*Exercise materials*:
══════════════════════════════
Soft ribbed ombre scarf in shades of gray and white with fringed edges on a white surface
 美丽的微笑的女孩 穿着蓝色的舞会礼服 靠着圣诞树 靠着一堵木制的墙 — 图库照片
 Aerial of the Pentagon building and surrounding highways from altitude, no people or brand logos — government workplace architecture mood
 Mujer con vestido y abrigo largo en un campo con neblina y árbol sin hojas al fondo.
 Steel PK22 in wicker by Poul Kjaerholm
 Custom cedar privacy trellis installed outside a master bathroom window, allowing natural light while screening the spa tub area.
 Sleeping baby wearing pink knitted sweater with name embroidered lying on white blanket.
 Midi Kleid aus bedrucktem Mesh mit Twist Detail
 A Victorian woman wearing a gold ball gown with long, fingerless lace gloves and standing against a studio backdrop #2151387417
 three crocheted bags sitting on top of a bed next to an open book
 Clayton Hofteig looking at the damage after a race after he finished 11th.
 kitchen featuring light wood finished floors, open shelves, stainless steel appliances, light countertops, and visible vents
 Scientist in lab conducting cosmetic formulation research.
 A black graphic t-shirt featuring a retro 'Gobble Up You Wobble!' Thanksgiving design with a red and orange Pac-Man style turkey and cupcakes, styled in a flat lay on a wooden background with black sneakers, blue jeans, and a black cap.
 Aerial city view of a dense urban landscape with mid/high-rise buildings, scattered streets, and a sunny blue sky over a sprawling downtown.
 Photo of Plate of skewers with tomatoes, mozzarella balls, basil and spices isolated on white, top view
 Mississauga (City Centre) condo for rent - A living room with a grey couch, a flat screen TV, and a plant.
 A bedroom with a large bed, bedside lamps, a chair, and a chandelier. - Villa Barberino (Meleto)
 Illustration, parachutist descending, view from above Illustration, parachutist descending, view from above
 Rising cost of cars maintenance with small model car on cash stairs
══════════════════════════════
*Description of the task*:
In the listing above, the line with "Photo of Plate" and every line after it must be set down word for word, and no other line.

*Written solution*:
 Photo of Plate of skewers with tomatoes, mozzarella balls, basil and spices isolated on white, top view
 Mississauga (City Centre) condo for rent - A living room with a grey couch, a flat screen TV, and a plant.
 A bedroom with a large bed, bedside lamps, a chair, and a chandelier. - Villa Barberino (Meleto)
 Illustration, parachutist descending, view from above Illustration, parachutist descending, view from above
 Rising cost of cars maintenance with small model car on cash stairs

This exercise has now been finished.